Those duties are changing a bit as well. Travelers Aid had provided social workers to help with serious travel emergencies.
"Travelers who get lost and fall through the cracks won't have that safety net," says Christine Okinaga, the Travelers Aid Society's highly regarded director of volunteers, whose last day was Thursday.
Barbara Landon, a volunteer for three years, says, "Now, we'll just turn them over to the police."
And, Okinaga notes, "They won't be a social services agency the way we were."
The change was announced a year ago when the Board of Airport Commissioners, in response to cost-cutting pleas from City Hall, decided to end the $400,000-per-year stipend the airport paid to Travelers Aid, which had been a presence at LAX for 61 years.
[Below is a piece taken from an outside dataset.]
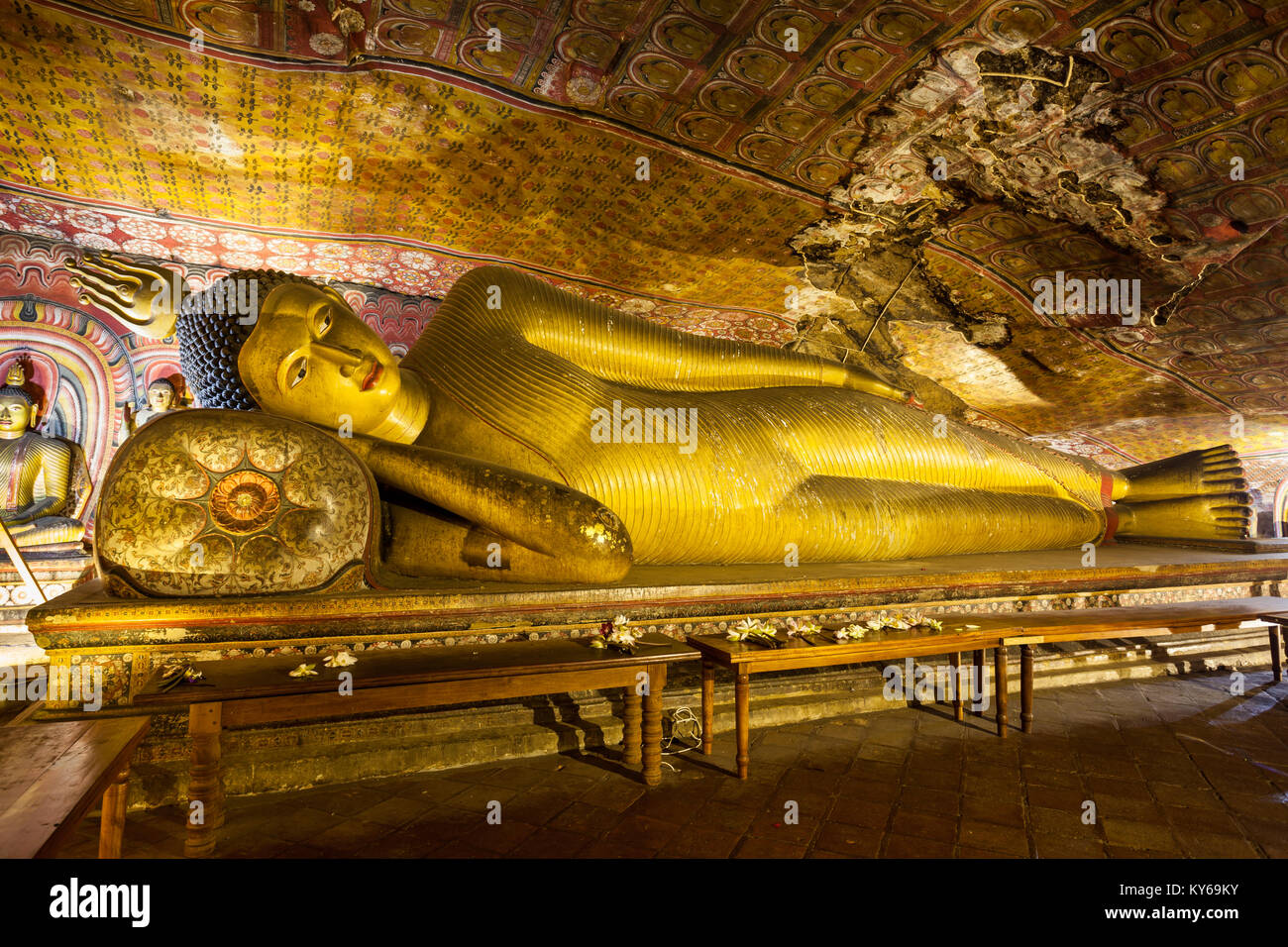 DAMBULLA, SRI LANKA - FEBRUARY 17, 2017: Sculpture of reclining Buddha inside Dambulla Cave Temple. Cave Temple is a World Heritage Site near Dambulla Stock Photo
The city cited cost savings as the primary reason; the only expense it will now pick up, officials say, is $80,000 for training, uniforms and supplies. Laptops are being added to assist with inquiries.
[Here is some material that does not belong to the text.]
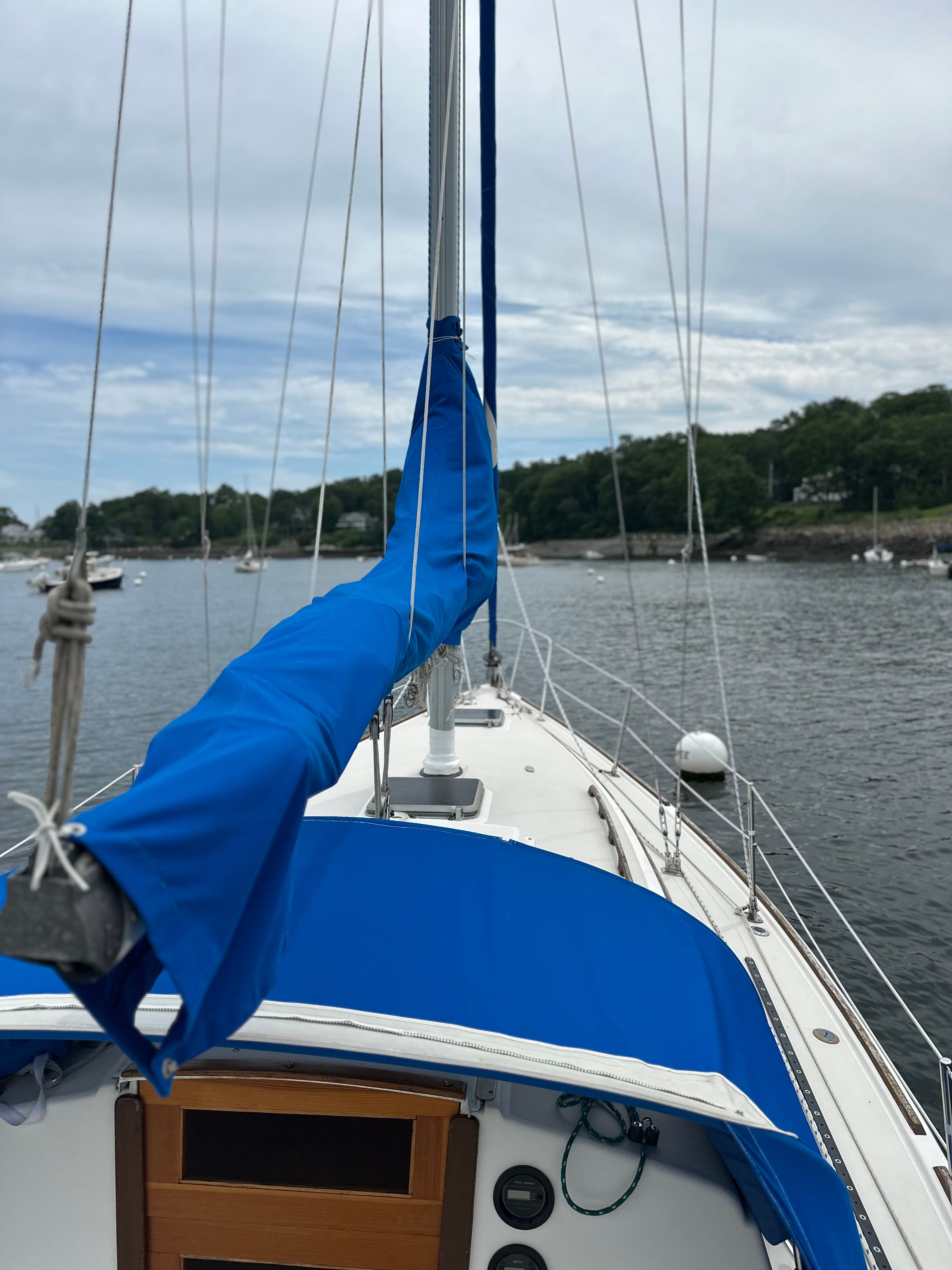 A 1984 Pearson 303 sailboat anchored in a calm bay.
As a result of the shift, the vast majority of volunteers, many of them retirees with management experience in the travel industry, decided to opt out. Forced to reapply for their positions, some volunteers felt insulted. Others didn't want to go through a new round of training and reduced duties.
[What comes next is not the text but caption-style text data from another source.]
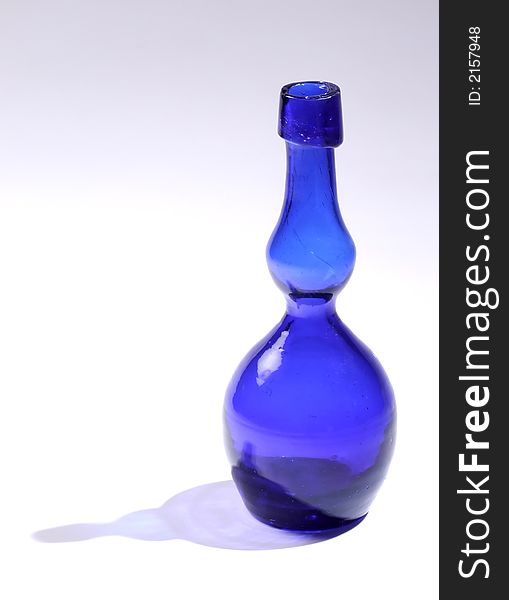 Blue glass bottle with translucent blue shadow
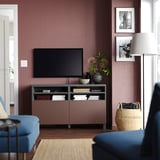 Modern living room with a BESTÅ tv bench in brown. A tv, blue sofa, and decorative items.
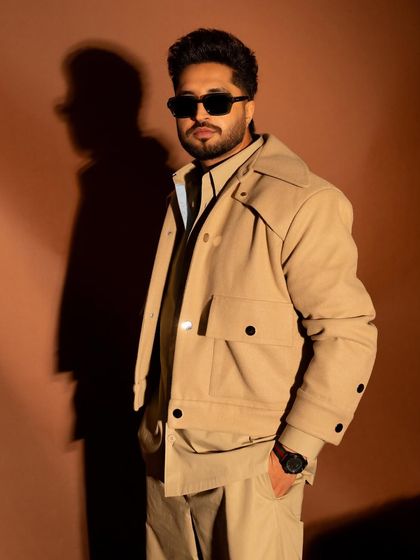 A three-quarter portrait where the lighting creates a strong shadow, adding depth to the image.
Barbara Yamamoto, the customer service director who now oversees the volunteers, to be called Volunteer Information Professionals, or VIPs, thinks the changeover will be seamless.
"To the traveling public, they shouldn't see much of a transition," she says. "They're still at the booths in the arrival areas."
Since 2002, the airport's information duties have been split between the volunteers and a group of paid "ambassadors," who work 20 to 22 hours a week. The ambassadors were added after 9/11 to help travelers deal with the challenges brought on by additional security and changing traffic flows. The ambassadors and volunteers, both in signature red blazers, perform similar duties, but the ambassadors move throughout the airport and the volunteers, who average four hours a week, staff the booths.
That won't change. The number of ambassadors remains the same as Los Angeles World Airports, the city agency that runs LAX, begins a recruitment drive for unpaid guides.
"We're looking for volunteers," says Barbara Yamamoto, the customer service director who oversees the volunteers, to be called Volunteer Information Professionals, or VIPs. "If people like helping people, and they like travel, we think it's a great job." (For info, go to http://www.lawa.org/VIP.)
Meanwhile, some volunteers, such as Landon, are going to try to stick it out.
"I'm going to give it six months," she says. "If I find that I can't give the kind of service I used to, I'm out of here."